Но — три года! Это убивало радость.
Накануне отъезда, словно внушая друг другу, что поездка в неведомую Аргентину куда-то по ту сторону Атлантического океана — дело самое обыкновенное, мы с мамой пошли в кинотеатр «Колизей» у Чистых прудов на какой-то комический трофейный кинофильм с Марикой Рёкк в главной роли.
Возвращаясь домой пешком по Покровке, мы болтали о разной ерунде, но на сердце у меня уже прочно залег тяжелый камень. Тем не менее нечто подобное надо было пережить, и мы обе это понимали, призывая на помощь тривиальную истину: мол, дети должны вылетать из гнезда…
Сергеев остался где-то позади, в тумане новых забот, хотя его доля в принятии этого моего решения была немалая. И продолжение все же последует…

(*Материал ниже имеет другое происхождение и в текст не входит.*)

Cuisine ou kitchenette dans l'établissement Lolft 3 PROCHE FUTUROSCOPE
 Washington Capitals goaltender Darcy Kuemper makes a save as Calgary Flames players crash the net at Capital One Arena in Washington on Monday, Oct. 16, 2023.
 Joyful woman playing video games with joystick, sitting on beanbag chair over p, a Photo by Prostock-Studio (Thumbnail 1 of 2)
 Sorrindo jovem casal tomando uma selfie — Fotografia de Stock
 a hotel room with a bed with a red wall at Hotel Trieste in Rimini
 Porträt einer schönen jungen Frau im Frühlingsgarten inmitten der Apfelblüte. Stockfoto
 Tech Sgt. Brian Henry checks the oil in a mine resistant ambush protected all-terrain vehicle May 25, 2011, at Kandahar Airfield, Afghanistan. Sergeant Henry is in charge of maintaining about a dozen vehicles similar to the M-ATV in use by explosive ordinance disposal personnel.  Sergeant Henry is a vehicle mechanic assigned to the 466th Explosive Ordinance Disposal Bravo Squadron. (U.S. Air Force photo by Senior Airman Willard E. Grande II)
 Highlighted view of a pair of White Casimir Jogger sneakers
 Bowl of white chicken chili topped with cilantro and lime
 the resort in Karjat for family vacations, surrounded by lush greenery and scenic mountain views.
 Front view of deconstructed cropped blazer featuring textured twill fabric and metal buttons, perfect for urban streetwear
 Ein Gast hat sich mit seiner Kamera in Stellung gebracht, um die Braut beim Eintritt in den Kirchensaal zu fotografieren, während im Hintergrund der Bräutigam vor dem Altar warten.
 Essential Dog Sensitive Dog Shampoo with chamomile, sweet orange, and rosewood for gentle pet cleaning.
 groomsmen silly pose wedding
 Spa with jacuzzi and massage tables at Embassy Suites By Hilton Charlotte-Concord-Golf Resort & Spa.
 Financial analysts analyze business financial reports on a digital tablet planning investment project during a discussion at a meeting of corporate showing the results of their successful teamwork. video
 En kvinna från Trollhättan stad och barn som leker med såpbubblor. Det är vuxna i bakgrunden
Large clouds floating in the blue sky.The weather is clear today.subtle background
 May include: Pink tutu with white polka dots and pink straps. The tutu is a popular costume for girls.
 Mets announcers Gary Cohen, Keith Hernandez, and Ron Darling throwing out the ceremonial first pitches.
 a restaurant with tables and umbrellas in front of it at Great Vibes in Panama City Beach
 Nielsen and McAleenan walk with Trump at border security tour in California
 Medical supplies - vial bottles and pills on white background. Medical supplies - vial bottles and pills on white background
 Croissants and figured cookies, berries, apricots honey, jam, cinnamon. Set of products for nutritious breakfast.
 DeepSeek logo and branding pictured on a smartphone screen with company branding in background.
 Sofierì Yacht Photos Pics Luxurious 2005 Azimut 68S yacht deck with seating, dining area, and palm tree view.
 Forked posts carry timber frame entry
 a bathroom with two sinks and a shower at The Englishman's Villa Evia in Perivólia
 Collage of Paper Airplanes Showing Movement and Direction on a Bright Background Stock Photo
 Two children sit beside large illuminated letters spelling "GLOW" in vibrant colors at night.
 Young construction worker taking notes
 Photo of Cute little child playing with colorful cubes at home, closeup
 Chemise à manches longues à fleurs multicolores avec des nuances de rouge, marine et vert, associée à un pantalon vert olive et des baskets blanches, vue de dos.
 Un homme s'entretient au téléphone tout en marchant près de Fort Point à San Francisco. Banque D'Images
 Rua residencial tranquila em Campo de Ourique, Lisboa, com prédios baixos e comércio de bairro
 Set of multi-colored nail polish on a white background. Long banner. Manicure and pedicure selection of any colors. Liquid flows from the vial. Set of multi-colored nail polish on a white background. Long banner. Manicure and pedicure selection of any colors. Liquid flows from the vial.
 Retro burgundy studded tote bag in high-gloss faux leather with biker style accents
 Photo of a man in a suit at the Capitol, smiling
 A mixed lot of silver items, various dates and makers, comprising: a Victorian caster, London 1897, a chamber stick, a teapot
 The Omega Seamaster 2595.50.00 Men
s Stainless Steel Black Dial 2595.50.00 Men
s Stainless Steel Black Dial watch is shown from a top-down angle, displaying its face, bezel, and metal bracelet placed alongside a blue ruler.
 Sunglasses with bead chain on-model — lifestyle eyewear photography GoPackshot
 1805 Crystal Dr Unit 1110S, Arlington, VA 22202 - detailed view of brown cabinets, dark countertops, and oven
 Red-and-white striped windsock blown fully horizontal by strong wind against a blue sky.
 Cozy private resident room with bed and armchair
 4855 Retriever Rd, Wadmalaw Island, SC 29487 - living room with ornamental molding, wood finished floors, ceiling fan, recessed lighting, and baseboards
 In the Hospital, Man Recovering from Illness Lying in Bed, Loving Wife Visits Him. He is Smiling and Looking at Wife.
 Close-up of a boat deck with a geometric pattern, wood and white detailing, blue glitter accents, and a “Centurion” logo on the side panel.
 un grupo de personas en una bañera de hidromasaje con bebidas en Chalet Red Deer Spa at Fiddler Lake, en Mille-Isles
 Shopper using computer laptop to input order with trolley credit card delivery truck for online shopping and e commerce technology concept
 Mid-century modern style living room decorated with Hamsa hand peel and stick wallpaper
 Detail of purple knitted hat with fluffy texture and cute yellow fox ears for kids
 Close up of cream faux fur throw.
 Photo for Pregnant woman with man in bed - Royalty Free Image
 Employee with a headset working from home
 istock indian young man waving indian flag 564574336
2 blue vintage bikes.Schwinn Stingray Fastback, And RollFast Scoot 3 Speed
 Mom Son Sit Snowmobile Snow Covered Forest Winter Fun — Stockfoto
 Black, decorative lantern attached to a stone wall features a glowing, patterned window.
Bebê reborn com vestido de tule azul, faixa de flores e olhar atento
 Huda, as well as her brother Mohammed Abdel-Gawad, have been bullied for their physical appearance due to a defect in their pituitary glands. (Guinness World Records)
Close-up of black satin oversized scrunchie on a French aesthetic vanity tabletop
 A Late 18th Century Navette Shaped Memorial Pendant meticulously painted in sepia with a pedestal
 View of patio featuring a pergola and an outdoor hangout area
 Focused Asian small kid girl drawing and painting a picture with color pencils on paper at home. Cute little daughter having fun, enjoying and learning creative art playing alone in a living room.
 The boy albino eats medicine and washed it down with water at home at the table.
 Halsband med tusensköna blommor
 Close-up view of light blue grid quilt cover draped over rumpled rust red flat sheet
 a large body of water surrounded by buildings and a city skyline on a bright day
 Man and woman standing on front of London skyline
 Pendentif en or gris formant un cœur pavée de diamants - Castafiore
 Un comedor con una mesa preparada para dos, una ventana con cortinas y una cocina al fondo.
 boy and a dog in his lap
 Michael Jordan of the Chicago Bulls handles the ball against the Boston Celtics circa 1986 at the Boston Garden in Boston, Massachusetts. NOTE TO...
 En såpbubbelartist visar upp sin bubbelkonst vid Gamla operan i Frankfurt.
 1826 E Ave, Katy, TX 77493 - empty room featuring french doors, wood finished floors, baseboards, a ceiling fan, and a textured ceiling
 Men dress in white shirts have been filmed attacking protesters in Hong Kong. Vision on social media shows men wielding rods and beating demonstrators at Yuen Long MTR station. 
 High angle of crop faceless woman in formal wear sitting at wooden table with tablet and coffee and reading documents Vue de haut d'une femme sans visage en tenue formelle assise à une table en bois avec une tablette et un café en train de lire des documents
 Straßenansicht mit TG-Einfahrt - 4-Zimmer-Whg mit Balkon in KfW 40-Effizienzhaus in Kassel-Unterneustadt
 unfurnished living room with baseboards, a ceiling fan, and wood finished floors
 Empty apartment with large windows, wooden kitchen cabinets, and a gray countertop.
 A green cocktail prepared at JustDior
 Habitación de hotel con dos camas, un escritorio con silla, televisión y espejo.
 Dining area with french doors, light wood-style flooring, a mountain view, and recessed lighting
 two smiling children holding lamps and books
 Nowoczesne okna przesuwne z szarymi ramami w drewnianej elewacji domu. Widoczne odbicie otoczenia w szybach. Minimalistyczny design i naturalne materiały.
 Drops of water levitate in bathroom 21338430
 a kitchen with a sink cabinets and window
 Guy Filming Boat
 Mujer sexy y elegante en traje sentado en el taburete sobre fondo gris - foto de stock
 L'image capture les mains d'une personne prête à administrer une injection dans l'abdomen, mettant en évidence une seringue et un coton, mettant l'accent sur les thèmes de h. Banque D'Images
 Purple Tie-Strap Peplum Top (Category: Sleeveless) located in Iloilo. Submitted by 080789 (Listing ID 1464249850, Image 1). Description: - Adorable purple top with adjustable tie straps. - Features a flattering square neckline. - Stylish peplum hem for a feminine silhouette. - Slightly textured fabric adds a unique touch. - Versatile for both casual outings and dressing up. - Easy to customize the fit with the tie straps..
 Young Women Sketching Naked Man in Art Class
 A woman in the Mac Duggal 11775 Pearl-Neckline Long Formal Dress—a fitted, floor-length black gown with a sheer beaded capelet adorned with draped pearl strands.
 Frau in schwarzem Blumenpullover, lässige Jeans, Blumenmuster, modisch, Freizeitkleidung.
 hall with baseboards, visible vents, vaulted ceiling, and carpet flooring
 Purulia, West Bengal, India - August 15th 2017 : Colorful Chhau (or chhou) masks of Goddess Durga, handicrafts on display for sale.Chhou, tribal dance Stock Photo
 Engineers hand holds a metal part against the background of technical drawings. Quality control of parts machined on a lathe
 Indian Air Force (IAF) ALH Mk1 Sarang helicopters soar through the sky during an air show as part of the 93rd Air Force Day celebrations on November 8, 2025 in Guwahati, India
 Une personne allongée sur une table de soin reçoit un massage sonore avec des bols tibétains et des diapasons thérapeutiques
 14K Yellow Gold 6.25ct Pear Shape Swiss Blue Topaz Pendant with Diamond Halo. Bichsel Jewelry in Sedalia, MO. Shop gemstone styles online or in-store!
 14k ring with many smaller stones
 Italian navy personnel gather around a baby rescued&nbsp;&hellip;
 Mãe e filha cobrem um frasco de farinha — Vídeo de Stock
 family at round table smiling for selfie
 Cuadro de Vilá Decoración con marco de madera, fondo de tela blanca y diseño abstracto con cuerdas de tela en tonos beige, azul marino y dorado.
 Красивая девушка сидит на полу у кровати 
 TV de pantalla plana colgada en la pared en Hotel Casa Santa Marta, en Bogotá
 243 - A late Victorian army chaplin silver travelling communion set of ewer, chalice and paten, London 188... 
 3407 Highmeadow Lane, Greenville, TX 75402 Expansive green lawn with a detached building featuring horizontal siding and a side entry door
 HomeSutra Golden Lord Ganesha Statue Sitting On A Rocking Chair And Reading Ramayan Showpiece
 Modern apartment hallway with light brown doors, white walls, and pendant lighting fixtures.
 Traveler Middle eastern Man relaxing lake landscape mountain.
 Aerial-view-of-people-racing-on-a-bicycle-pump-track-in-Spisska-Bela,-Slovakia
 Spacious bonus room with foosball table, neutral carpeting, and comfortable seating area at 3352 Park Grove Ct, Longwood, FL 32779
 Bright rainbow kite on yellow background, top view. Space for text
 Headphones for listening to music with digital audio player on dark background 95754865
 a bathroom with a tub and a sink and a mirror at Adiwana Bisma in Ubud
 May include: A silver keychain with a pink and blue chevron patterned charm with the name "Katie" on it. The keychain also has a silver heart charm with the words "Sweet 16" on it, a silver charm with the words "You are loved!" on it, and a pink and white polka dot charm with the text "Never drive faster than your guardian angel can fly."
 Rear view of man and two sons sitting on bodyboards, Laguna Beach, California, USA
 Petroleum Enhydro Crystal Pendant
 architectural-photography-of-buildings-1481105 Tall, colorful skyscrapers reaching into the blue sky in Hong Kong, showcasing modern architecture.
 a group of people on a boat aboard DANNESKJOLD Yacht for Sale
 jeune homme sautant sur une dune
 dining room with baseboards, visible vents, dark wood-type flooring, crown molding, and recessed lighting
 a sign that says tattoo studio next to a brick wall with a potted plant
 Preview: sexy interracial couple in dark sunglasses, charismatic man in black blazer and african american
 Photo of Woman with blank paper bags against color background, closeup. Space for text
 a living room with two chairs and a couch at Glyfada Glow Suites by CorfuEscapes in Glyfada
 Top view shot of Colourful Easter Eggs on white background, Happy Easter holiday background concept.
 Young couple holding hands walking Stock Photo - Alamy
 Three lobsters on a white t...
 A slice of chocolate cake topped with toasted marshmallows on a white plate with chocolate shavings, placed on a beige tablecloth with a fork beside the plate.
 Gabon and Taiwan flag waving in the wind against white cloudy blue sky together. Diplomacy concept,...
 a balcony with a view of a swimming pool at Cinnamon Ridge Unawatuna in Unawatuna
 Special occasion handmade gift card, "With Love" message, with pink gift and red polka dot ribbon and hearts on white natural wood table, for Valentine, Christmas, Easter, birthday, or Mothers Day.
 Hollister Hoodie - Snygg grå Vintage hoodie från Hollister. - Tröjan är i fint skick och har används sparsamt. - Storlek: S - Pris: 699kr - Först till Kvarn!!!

Мама мужественно довезла меня на такси до аэропорта. Объявлен рейс Москва — Прага. Никаких слез и долгих прощаний. Она только перекрестила меня: «Все будет хорошо», — и дала с собой маленькую иконку Владимирской Богоматери, ту самую, которую бабушка Неонила Тимофеевна дала ей, Лиде Березовской, когда дочь уезжала в Москву. На переломе судьбы.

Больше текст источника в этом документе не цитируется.